What the task asks :: Beginning with the first line of the data below, reproduce every line unchanged, ending with the line that holds "Reflective Band Strap".

[Data extracted from a collection]
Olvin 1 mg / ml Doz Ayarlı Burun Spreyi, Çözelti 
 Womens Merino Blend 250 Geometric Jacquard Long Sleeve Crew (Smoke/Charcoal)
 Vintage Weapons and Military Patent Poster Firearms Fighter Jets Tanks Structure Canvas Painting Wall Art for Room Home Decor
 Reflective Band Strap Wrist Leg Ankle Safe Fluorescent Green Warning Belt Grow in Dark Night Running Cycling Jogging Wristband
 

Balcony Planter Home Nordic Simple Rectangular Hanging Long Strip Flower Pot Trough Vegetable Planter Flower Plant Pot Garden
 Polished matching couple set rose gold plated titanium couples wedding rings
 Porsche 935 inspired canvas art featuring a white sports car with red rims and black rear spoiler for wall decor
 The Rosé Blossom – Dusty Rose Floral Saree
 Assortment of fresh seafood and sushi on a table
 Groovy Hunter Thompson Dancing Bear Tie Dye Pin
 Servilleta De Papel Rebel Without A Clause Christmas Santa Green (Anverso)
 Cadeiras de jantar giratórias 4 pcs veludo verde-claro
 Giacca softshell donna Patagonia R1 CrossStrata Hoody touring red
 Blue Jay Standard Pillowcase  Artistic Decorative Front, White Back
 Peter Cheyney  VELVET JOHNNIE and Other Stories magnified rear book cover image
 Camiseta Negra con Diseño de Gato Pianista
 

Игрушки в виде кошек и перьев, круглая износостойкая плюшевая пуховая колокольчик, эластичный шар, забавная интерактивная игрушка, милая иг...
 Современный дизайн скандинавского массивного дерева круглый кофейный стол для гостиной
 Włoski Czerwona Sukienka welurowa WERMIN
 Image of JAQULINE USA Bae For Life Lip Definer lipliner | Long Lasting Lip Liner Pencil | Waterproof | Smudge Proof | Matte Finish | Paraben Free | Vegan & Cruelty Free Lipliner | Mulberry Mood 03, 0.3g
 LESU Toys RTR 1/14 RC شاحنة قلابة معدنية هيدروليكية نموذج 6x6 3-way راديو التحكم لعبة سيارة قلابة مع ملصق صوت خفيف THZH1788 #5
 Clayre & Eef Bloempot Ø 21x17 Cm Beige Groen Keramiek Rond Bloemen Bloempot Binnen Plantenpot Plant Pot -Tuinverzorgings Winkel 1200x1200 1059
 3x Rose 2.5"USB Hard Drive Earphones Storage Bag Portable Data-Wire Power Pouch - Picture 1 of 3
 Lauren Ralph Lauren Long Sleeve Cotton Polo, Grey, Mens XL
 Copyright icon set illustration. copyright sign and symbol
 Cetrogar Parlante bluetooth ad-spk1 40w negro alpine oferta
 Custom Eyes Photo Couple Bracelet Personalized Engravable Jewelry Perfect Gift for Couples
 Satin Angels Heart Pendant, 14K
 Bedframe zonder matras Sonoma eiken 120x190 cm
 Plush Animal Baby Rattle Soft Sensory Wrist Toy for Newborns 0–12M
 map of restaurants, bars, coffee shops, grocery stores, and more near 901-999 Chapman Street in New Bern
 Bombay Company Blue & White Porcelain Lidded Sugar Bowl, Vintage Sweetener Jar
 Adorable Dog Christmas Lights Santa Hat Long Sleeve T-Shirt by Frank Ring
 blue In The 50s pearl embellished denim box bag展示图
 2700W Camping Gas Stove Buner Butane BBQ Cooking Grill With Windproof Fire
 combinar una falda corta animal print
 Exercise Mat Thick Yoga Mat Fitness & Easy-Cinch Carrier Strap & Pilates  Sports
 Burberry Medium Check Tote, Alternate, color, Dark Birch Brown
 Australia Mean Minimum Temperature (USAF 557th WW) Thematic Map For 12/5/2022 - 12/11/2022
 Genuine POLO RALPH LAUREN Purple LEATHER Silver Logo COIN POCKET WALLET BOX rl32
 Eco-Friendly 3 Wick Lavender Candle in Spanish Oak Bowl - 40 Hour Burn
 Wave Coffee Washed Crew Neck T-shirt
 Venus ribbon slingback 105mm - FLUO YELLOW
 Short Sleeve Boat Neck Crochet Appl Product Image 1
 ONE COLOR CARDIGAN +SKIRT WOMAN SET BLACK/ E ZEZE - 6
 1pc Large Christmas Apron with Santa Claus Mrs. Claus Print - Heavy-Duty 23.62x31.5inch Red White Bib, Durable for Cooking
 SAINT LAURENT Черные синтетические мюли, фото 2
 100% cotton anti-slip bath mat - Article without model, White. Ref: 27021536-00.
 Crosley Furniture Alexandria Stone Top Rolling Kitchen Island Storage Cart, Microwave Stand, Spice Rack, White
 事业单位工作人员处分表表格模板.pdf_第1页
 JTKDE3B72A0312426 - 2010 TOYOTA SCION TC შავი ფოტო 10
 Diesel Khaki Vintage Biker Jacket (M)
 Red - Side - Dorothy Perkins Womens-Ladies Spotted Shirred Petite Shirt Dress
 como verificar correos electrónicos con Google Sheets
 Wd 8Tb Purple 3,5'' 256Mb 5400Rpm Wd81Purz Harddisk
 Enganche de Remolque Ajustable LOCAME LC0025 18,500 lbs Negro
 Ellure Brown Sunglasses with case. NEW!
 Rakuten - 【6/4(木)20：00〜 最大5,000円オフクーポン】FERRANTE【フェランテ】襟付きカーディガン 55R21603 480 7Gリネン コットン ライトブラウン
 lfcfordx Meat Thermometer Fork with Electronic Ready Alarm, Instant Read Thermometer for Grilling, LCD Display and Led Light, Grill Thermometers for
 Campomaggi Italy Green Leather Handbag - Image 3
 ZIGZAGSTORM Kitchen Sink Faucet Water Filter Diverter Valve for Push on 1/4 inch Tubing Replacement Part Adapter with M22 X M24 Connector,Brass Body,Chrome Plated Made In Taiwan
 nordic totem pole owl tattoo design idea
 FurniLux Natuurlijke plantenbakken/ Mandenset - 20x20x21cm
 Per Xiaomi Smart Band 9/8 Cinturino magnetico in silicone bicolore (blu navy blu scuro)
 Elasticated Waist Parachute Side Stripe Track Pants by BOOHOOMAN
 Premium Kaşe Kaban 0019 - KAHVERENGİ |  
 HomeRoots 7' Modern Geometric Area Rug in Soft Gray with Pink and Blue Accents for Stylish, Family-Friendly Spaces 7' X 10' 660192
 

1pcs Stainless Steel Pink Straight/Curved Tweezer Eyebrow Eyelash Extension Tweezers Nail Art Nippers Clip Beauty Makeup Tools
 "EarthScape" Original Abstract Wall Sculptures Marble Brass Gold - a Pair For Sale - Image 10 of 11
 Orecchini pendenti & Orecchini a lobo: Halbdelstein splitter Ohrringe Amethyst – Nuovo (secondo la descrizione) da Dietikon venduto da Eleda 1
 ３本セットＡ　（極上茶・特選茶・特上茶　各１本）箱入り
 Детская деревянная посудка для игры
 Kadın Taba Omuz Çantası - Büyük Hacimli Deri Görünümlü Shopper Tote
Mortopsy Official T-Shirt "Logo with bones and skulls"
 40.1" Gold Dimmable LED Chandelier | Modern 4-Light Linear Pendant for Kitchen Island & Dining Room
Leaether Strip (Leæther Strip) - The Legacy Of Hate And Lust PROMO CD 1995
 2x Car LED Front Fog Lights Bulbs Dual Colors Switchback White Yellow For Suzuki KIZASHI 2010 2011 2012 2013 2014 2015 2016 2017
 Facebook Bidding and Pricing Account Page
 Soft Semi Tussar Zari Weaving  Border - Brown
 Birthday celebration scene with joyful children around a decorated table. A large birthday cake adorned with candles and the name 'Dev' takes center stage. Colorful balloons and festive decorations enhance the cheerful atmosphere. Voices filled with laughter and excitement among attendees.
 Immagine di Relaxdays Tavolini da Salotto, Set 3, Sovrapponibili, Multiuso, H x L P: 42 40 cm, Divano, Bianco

Response box ::
Olvin 1 mg / ml Doz Ayarlı Burun Spreyi, Çözelti 
 Womens Merino Blend 250 Geometric Jacquard Long Sleeve Crew (Smoke/Charcoal)
 Vintage Weapons and Military Patent Poster Firearms Fighter Jets Tanks Structure Canvas Painting Wall Art for Room Home Decor
 Reflective Band Strap Wrist Leg Ankle Safe Fluorescent Green Warning Belt Grow in Dark Night Running Cycling Jogging Wristband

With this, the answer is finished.